Binder adopts a new strategy: driven by Binder is responsible for the management of data receiving cache. We note that the Binder driver to implement the MMAP () system call, which is special for character device, because the MMAP () is often used in file system has the physical storage media such as Binder, but no physical medium for communication, pure character device need not support (MMAP). The Binder driver is certainly not to do mapping on the physical media and user space, but to create a buffer space data reception. Look at how to use MMAP ():

fd = open("/dev/binder", O_RDWR);


This Binder receiver has a size of a receiving buffer MAP_SIZE. MMAP () returns the address of the memory mapping in user space, but this space is managed by the driver, the user need not can not directly access (mapping type is PROT_READ, read-only mapping).

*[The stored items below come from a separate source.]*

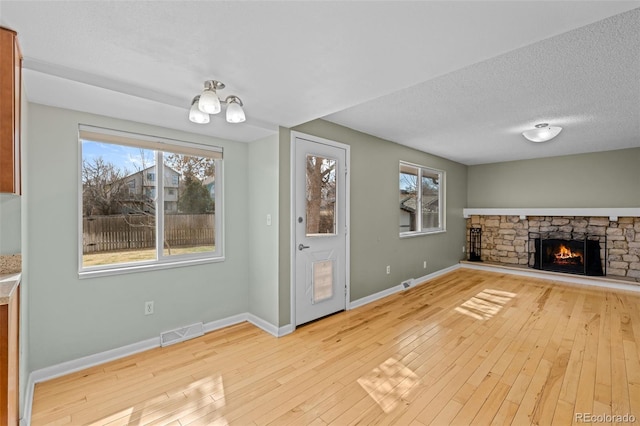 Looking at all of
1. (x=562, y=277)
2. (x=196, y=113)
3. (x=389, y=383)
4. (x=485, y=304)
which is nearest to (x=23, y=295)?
(x=196, y=113)

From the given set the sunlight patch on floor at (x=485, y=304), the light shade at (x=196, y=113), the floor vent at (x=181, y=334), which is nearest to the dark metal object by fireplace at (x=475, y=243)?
the sunlight patch on floor at (x=485, y=304)

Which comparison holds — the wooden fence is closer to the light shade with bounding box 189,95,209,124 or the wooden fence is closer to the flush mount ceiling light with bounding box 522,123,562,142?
the light shade with bounding box 189,95,209,124

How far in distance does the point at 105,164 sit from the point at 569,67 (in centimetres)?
392

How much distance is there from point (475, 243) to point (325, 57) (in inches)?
246

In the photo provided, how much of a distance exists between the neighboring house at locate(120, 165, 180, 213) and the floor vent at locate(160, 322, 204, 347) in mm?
1216

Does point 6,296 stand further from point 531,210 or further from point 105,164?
point 531,210

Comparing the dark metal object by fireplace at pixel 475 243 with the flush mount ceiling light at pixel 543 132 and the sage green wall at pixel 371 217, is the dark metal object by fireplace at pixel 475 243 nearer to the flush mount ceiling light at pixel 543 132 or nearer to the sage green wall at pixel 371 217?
the sage green wall at pixel 371 217

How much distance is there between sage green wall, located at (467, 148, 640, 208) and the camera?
4.98 m

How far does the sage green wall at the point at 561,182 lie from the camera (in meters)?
4.98

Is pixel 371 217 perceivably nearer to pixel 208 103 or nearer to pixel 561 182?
pixel 208 103

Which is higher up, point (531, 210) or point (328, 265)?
point (531, 210)

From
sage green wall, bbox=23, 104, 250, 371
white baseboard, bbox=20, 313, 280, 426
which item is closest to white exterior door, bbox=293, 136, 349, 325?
white baseboard, bbox=20, 313, 280, 426

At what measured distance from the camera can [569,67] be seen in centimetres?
222

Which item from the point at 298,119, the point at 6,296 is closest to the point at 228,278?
the point at 298,119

Mapping a receiving buffer good can be done after the cache pool receive and store data. Before that, the receiving structure of data packets for the binder_transaction_data, but this is only the message header, payload real is pointed to by data.buffer memory. This piece of memory does not require the recipient, it is MMAP (from) the cache mapping. Copy from a sender to receiver in data, driving will be based on the size of sending data packets, using the best matching algorithm to find a good size piece of space from the buffer pool, to send data from the cache copy. Note that, for binder_transaction_data structure itself as well as in Table 4 all messages in the memory space or by the recipient, but the data size is fixed, the number is not much, won't cause inconvenience to the receiver. Mapping cache pool should be large enough to interact, because the thread pool may simultaneously process multiple concurrent, each interaction need to obtain the objective storage area from the buffer pool, once the cache pool depletion will lead to unintended consequences.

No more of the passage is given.